Agentic AI Threat Landscape
Five categories of risk unique to autonomous AI agents and multi-agent systems that security and risk teams must address.
Agent Hijacking
Adversaries inject malicious instructions into an agent's context — via user messages, tool outputs, or external documents — causing it to execute unauthorized actions, pivot to sensitive systems, or leak data while appearing to operate normally.
Tool Misuse
Autonomous agents with access to APIs, file systems, databases, and external services can be manipulated into misusing those tools — executing destructive commands, bypassing authorization checks, or triggering unintended side effects.
Multi-Agent Trust Chains
In multi-agent systems, a compromised or malicious orchestrator agent can pass tainted instructions downstream, causing subordinate agents to execute harmful actions without awareness — collapsing the security boundary between components.
MCP Protocol Threats
The Model Context Protocol introduces new attack surfaces: malicious MCP servers can expose harmful tools, inject false context into the model's environment, or exfiltrate conversation history by exploiting the agent-server trust relationship.
Privilege Escalation
Agents operating with elevated permissions can be exploited to escalate from limited user contexts to administrator-level access — moving laterally across systems, accessing sensitive datastores, or disabling security controls.

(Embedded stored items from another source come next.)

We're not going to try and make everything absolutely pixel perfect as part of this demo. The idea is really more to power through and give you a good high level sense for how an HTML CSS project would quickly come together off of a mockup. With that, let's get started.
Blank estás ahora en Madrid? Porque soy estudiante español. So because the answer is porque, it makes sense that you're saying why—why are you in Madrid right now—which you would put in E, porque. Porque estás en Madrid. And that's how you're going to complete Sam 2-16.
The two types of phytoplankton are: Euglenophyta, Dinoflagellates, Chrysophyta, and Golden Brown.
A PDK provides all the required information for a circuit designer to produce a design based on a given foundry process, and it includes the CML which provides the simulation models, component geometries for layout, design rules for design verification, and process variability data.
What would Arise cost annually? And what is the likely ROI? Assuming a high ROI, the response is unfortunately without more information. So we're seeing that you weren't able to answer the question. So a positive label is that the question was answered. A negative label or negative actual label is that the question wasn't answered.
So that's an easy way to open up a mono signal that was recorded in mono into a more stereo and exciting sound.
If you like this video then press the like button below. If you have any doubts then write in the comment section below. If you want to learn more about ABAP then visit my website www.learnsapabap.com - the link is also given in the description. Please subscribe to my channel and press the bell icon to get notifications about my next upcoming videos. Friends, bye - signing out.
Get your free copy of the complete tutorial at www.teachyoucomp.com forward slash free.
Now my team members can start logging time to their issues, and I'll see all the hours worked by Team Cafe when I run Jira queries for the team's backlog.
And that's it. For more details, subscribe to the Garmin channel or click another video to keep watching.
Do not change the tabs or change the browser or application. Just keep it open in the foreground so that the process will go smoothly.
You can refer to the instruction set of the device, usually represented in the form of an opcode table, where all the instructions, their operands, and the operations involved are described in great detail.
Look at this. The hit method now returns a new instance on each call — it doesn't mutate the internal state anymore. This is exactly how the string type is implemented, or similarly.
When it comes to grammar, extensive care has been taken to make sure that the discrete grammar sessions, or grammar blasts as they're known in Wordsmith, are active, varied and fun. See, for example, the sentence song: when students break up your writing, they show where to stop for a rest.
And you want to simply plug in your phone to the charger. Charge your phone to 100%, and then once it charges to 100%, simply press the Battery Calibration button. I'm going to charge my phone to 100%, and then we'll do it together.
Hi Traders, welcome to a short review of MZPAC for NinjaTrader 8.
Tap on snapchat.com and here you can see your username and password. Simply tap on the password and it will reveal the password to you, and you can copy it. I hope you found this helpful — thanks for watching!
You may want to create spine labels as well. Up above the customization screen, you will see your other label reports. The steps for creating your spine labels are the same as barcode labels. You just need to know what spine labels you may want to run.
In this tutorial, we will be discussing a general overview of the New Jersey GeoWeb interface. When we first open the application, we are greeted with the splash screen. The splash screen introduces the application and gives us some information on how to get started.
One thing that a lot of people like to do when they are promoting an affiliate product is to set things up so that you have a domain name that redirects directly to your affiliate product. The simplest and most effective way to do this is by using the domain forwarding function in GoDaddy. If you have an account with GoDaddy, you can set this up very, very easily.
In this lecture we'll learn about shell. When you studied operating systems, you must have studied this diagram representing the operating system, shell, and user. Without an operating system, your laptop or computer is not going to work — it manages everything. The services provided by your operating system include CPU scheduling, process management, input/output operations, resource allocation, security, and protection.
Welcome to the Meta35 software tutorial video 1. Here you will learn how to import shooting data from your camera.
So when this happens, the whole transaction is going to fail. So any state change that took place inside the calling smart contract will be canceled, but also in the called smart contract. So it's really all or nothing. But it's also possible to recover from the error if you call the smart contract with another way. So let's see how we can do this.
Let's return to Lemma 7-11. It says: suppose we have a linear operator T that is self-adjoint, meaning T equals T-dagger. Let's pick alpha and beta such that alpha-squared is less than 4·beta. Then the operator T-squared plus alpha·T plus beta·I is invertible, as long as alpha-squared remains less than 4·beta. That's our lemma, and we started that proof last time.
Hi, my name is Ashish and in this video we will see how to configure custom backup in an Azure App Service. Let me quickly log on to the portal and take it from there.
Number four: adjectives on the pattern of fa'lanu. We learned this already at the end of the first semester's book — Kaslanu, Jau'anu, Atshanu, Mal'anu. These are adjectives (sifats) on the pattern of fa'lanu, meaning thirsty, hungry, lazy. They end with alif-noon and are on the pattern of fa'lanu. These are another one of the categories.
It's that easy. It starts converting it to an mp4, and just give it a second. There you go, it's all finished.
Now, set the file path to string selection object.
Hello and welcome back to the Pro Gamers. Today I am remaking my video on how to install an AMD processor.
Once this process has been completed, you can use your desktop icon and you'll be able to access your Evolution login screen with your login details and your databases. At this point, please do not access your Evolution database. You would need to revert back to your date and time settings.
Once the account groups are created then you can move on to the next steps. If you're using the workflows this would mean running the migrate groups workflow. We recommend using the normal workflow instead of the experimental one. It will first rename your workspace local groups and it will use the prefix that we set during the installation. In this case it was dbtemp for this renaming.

How SentraSuite Secures Agentic AI
A modular suite of controls that covers every layer of your agentic AI architecture — from design-time threat modelling to runtime enforcement.
Brings unified guardrails, observability, and DLP to agentic AI by spanning browser, IDE, programmatic API, and endpoint/runtime surfaces — with a centralized, API-first backend that traces agent interactions end-to-end and integrates with existing SIEM workflows.